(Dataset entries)
------------------------------------------------------------------------

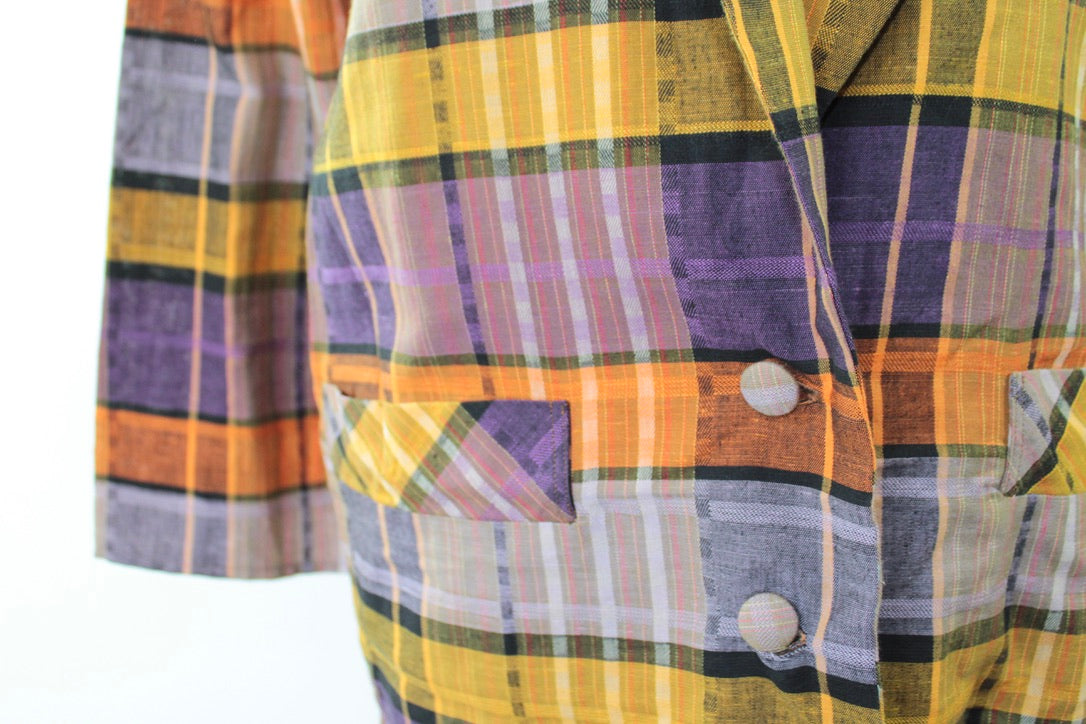 Veste légère vintage à carreaux violet orange La friperie vintage la friperie vintage 25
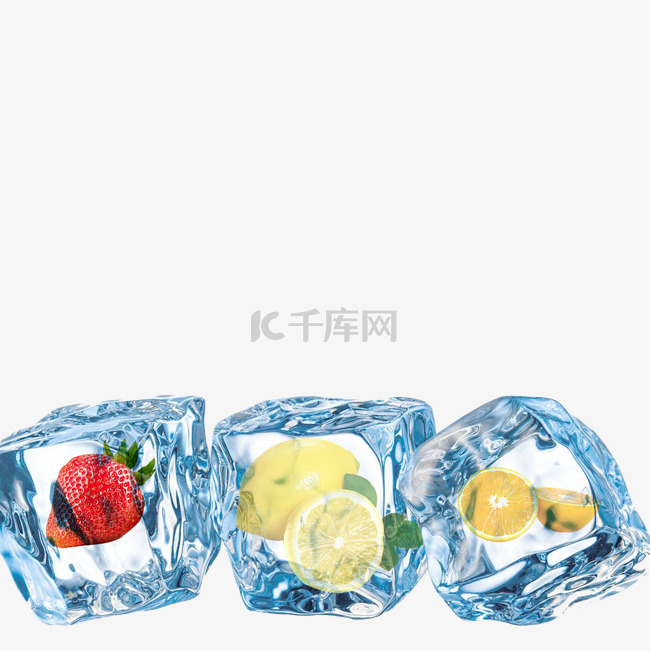 蓝色冰块水果透明质感夏天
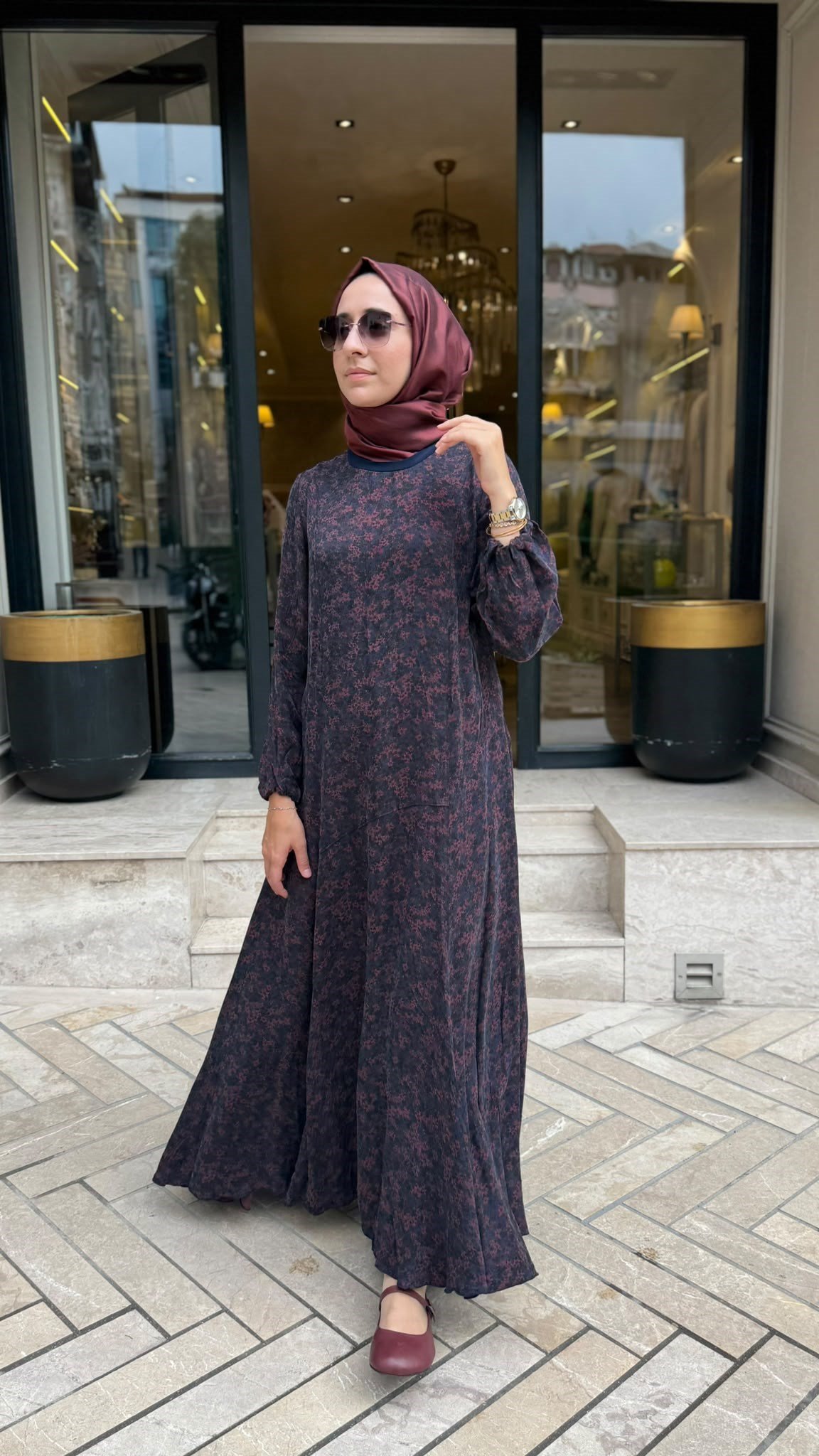 40827 Kuşaklı Kadın Elbise Bordo Desenli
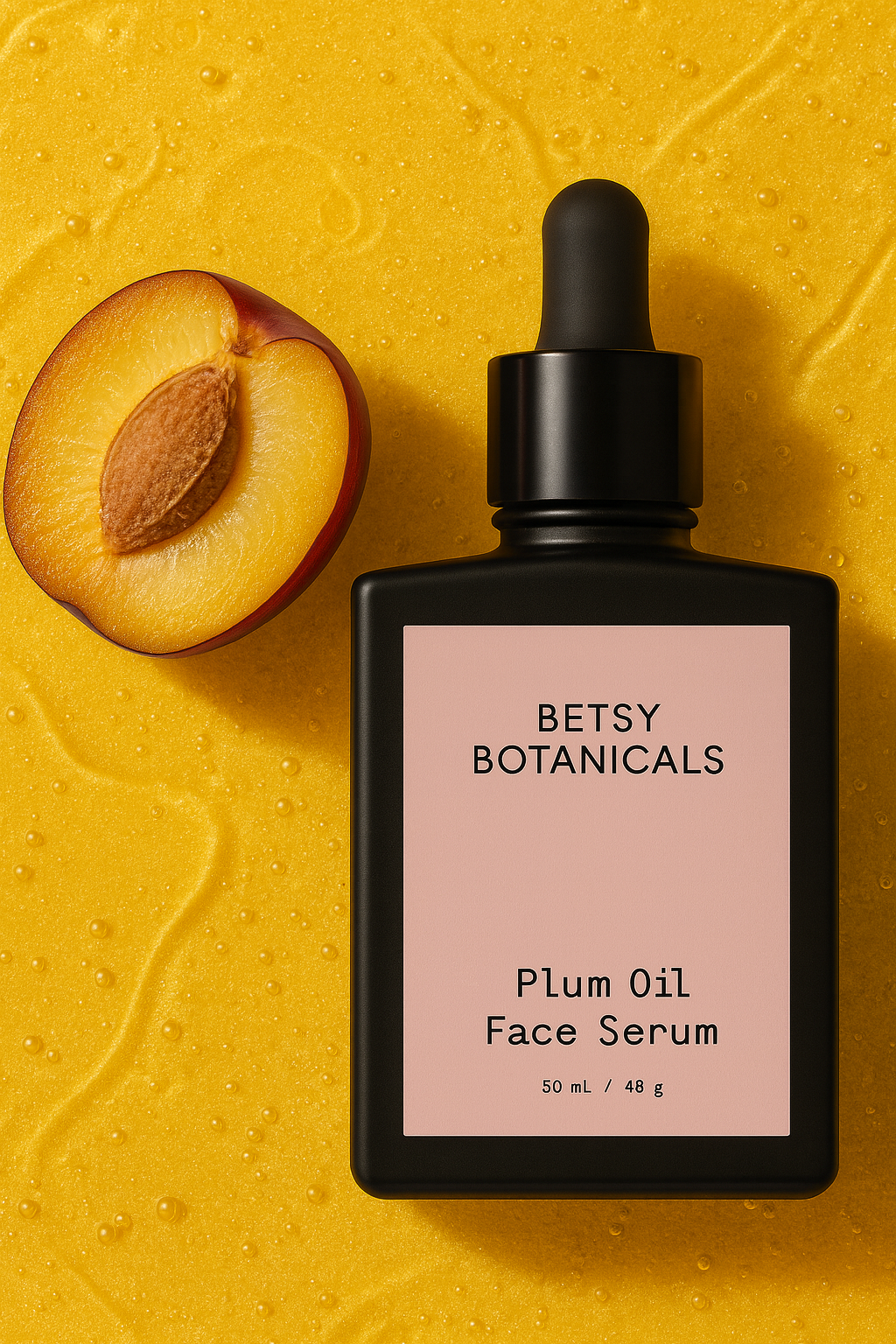 Betsy Botanicals Plum Oil Face Serum bottle with a half-peeled plum on a yellow textured background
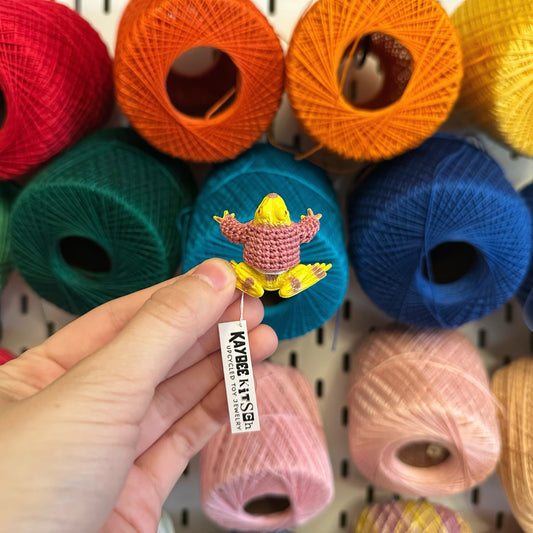 Yellow Frog “Sweater Friend” Figurine - dusty pink sweater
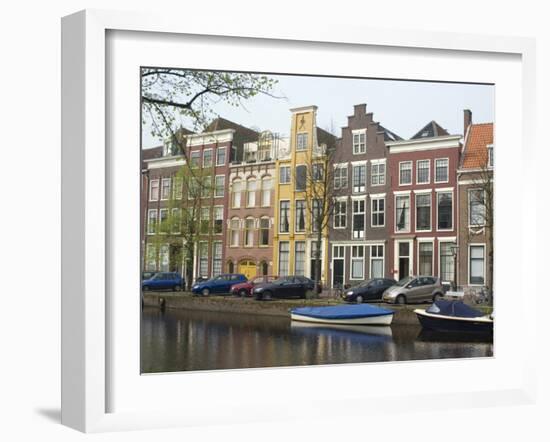 Houses Along Canal, Leiden, Netherlands, Europe-Ethel Davies-Framed Photographic Print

------------------------------------------------------------------------

# Problem to work on
Repeat every record precisely. Any picture among them stays out of the copy.

# The completed task
 Veste légère vintage à carreaux violet orange La friperie vintage la friperie vintage 25
 蓝色冰块水果透明质感夏天
 40827 Kuşaklı Kadın Elbise Bordo Desenli
 Betsy Botanicals Plum Oil Face Serum bottle with a half-peeled plum on a yellow textured background
 Yellow Frog “Sweater Friend” Figurine - dusty pink sweater
 Houses Along Canal, Leiden, Netherlands, Europe-Ethel Davies-Framed Photographic Print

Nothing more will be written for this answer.